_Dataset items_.
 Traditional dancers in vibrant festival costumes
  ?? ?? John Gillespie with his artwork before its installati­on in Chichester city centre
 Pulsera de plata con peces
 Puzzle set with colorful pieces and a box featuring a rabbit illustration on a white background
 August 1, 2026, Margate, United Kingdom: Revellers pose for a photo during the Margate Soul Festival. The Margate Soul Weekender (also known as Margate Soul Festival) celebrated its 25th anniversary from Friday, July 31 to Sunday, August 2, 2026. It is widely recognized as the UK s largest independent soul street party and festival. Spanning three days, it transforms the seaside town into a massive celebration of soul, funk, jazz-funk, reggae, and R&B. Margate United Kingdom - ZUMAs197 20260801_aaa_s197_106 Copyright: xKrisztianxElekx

==

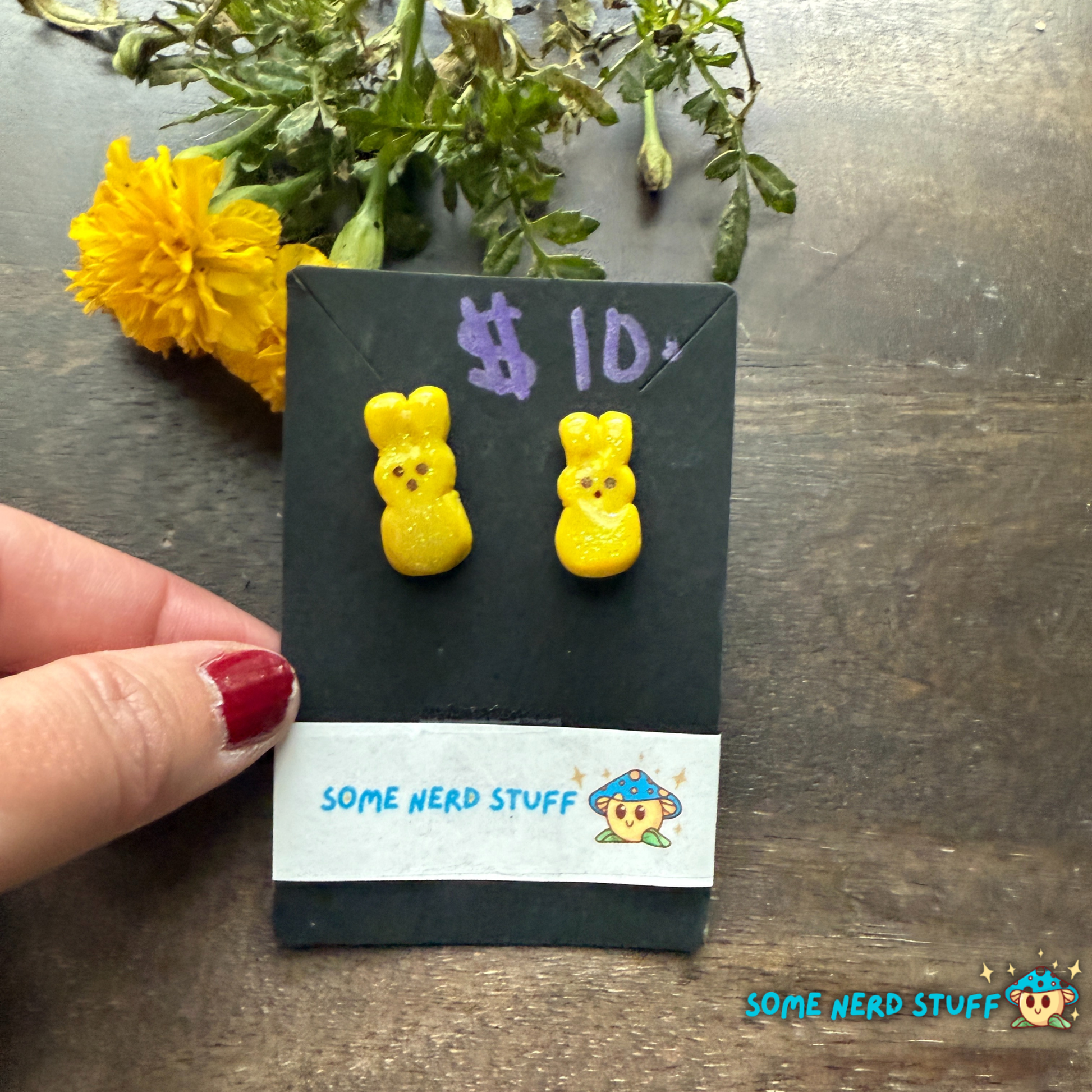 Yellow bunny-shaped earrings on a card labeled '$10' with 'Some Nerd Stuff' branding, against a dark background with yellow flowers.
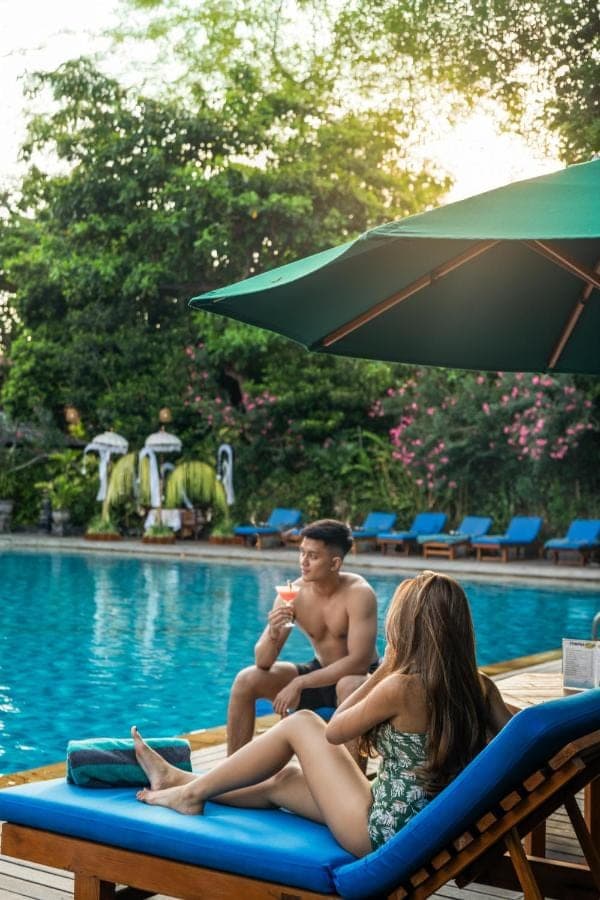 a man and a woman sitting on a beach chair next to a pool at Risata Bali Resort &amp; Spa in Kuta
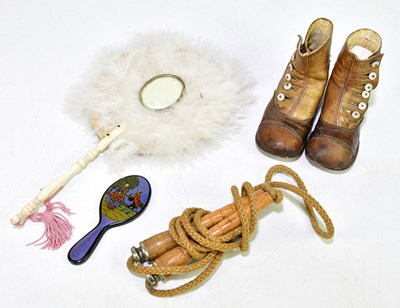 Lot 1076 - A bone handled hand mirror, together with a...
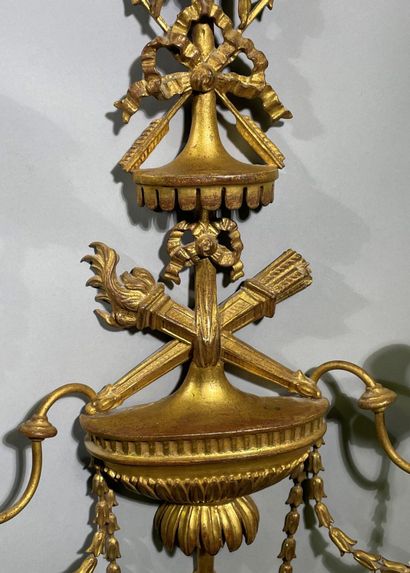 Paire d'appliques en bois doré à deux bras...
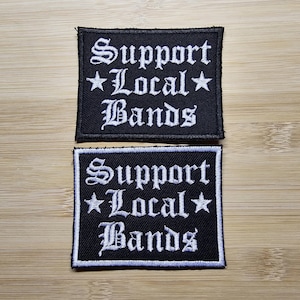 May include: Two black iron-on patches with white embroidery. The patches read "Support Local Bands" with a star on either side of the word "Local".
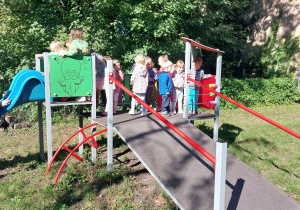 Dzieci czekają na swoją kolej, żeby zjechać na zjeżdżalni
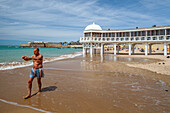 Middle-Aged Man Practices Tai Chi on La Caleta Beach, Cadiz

_Requirement_. The copy should hold only the lines from the one with "a man and a" through the one with "Middle-Aged Man Practices", exactly as they stand above. Leave out the pictures.

_Response area_.
 a man and a woman sitting on a beach chair next to a pool at Risata Bali Resort &amp; Spa in Kuta
 Lot 1076 - A bone handled hand mirror, together with a...
 Paire d'appliques en bois doré à deux bras...
 May include: Two black iron-on patches with white embroidery. The patches read "Support Local Bands" with a star on either side of the word "Local".
 Dzieci czekają na swoją kolej, żeby zjechać na zjeżdżalni
 Middle-Aged Man Practices Tai Chi on La Caleta Beach, Cadiz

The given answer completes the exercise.